■ **DIRECTIONS**
Beginning with the line where "100% Linen Quince" appears, restate each line word for word until the data ends. Pictures do not go in.

■ **INFORMATION SHOWN**
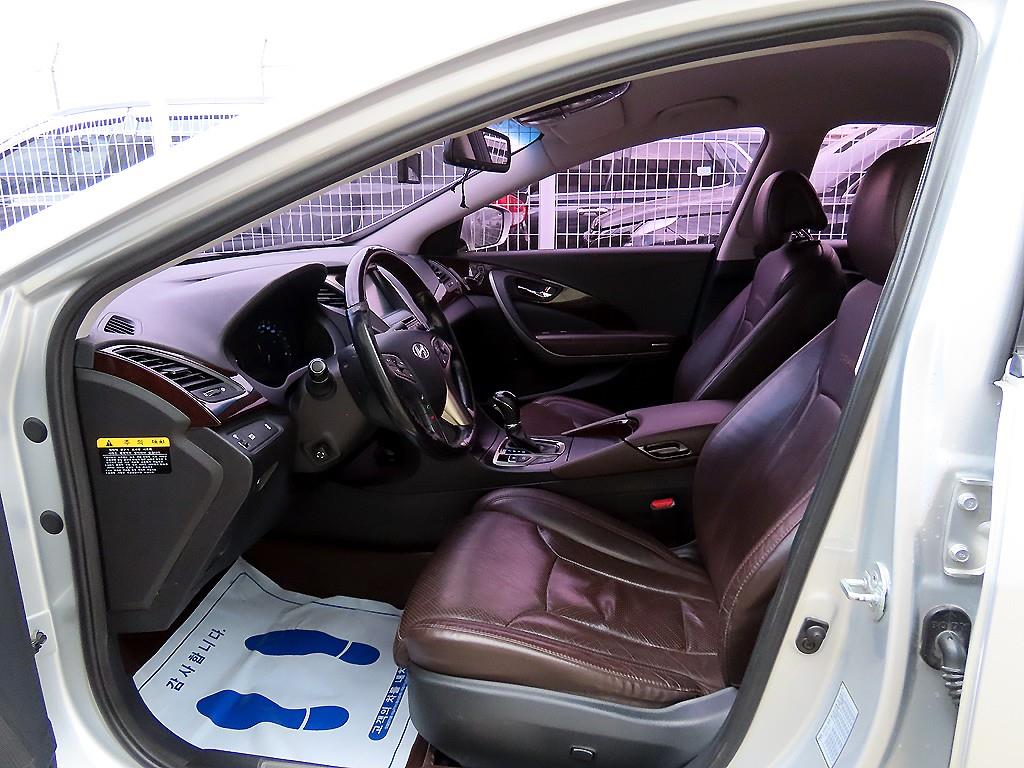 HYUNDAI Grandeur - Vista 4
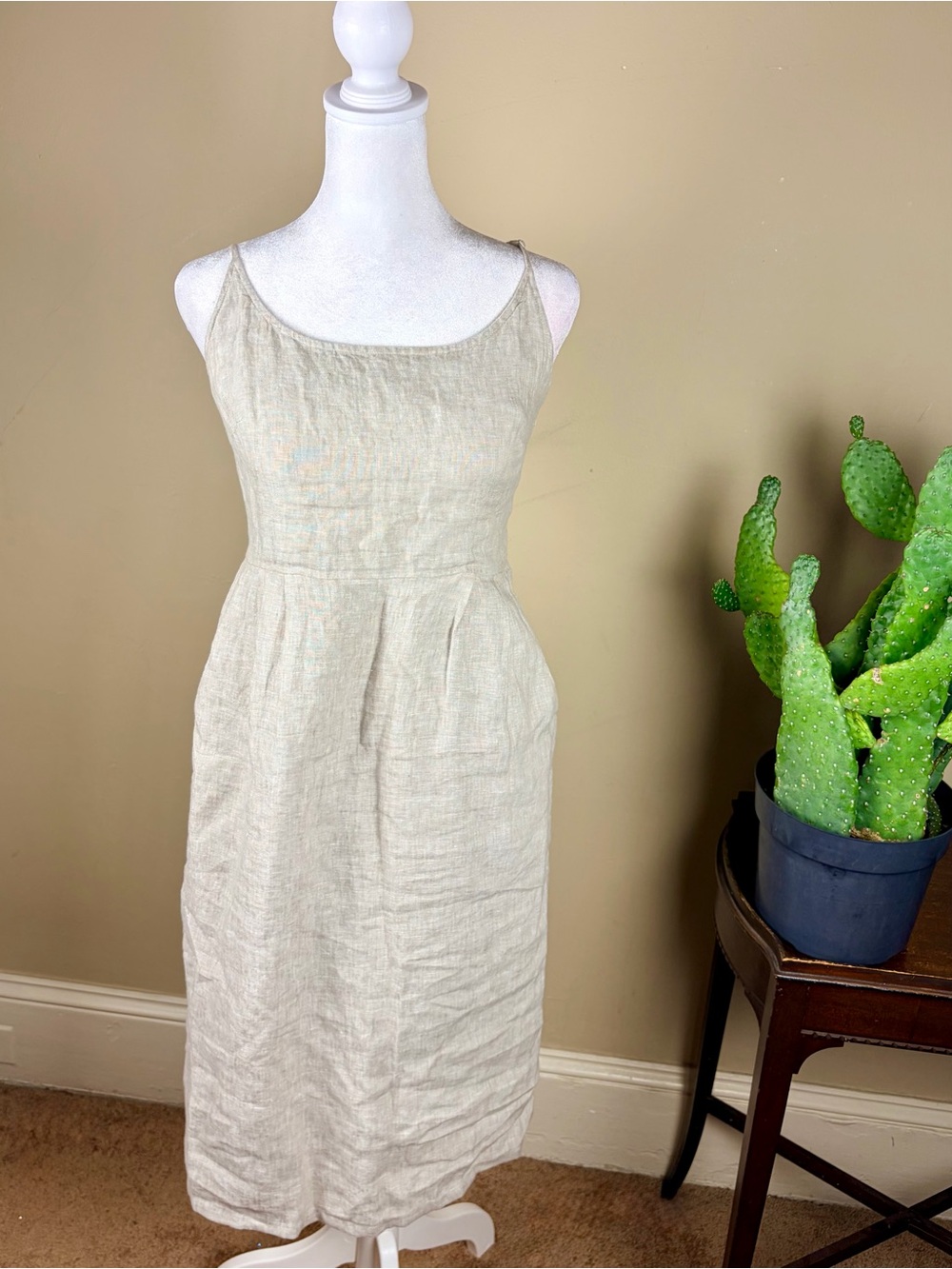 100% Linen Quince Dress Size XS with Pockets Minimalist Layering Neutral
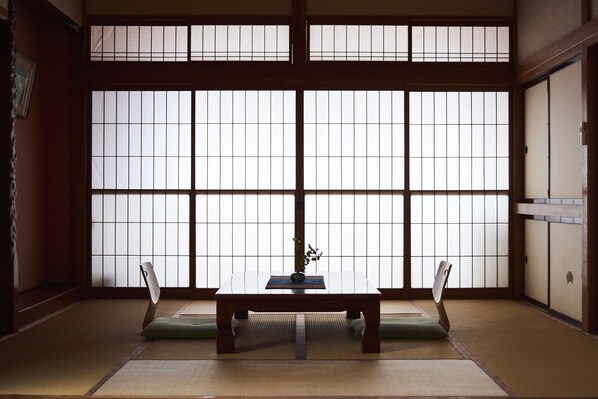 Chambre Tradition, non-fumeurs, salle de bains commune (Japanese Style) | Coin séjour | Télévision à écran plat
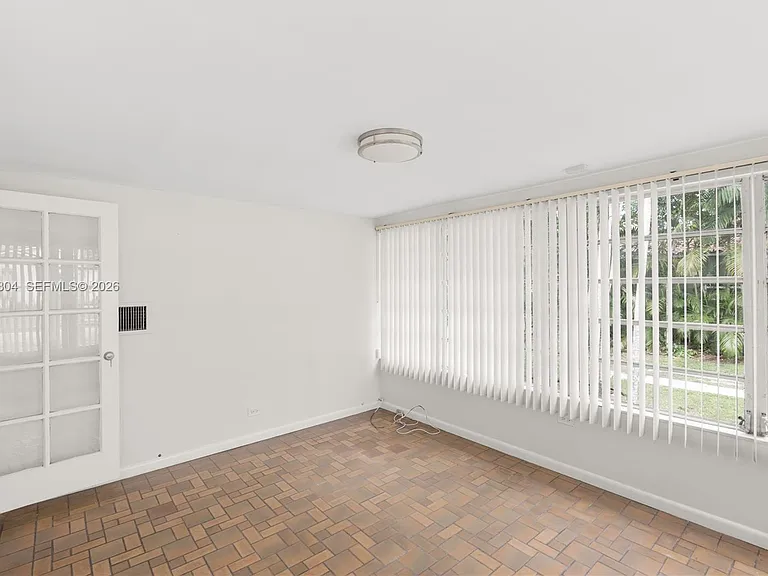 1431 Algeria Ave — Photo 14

■ **SOLUTION FOR THIS TASK**
 100% Linen Quince Dress Size XS with Pockets Minimalist Layering Neutral
 Chambre Tradition, non-fumeurs, salle de bains commune (Japanese Style) | Coin séjour | Télévision à écran plat
 1431 Algeria Ave — Photo 14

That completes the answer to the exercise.